Esta sexta-feira há ainda várias mesas para acompanhar. A abrir, pela manhã, uma homenagem a Cleonice Berardinelli, tida como uma divulgadora fundamental de Fernando Pessoa no Brasil. A investigadora carioca, que faleceu este ano aos 106 anos, foi a autora da primeira tese no país – apenas a segunda no mundo – sobre o escritor português. Diz o jornal brasileiro “O Globo”, por altura da sua morte, que “sem ela a história de Fernando Pessoa no Brasil seria muito diferente”.

O encerramento do congresso cabe a Maria Irene Ramalho que vai falar sobre o poeta e ensaísta Alberto Pimenta e Fernando Pessoa.
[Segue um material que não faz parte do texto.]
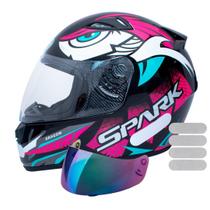 Capacete Ebf Spark Dragon Preto Rosa Mais Viseira Camaleão e Adesivo Branco Capacete Ebf Spark Dragon Preto Rosa Mais Viseira Camaleão e Adesivo Branco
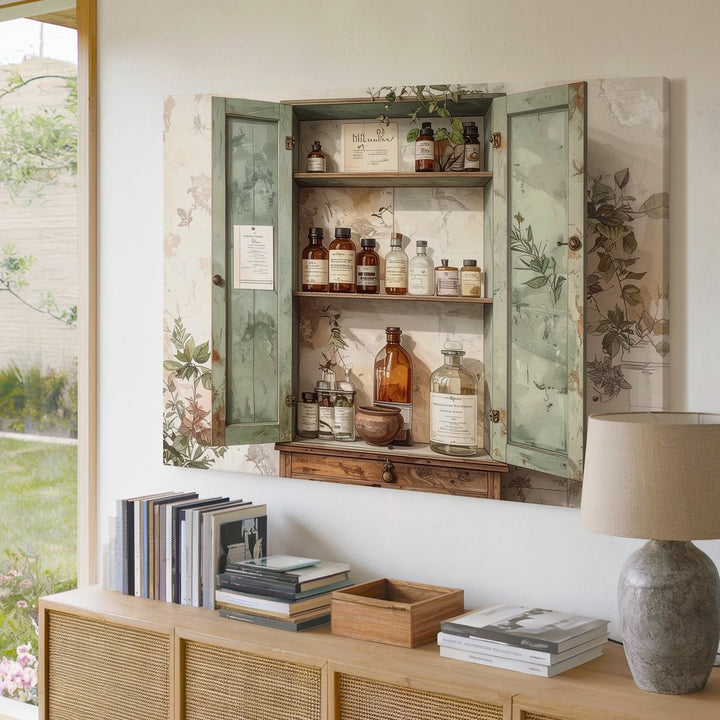 Vintage Apothecary Cabinet Canvas – Rustic Herbalist Interior Art - Gifitto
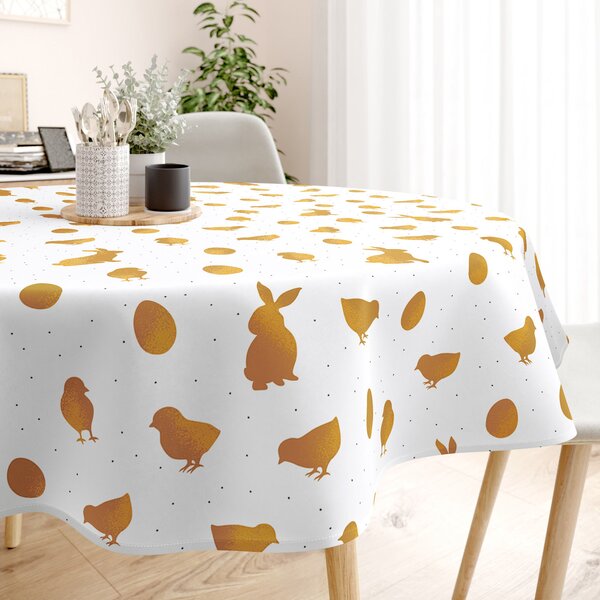 Goldea față de masă 100% bumbac solid - simboluri aurii de paște - rotundă Ø 150 cm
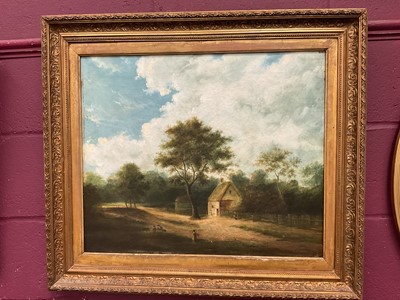 Lot 296 - 19th century English School oil on canvas in gilt frame - rural landscape with figures before a cottage.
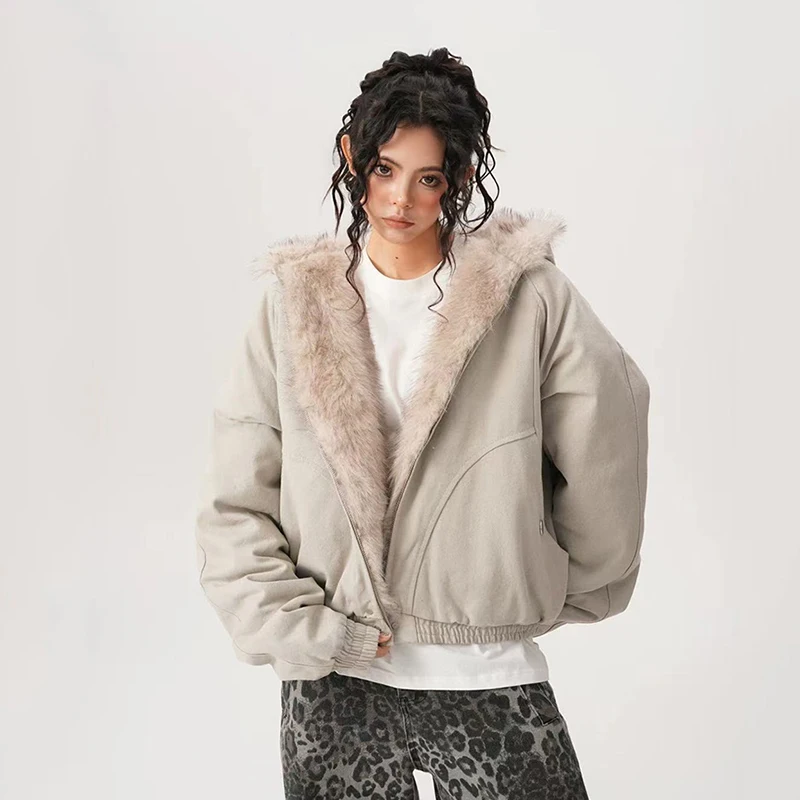 Winter Warme Kunstpelz Jacke Frauen Y2K Mode Streetwear Lose Beiläufige Plüsch Mäntel Bf Amerikanischen Alle Spiel Mit Kapuze Outwear Neue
Nascido a 13 de junho de 1888, em Lisboa, Fernando Pessoa é tido como o mais proeminente poeta português no mundo e como uma figura central do modernismo português. Depois de passar alguns anos da adolescência e juventude em Durban, na África do Sul, regressou a Portugal em 1905. São marcantes na sua obra os muitos heterónimos que criou – na biografia do escritor, Richard Zenith diz que foram 47 -, sendo destes mais conhecidos Alberto Caeiro, Ricardo Reis e Álvaro de Campos. Morreu em Lisboa em 1935.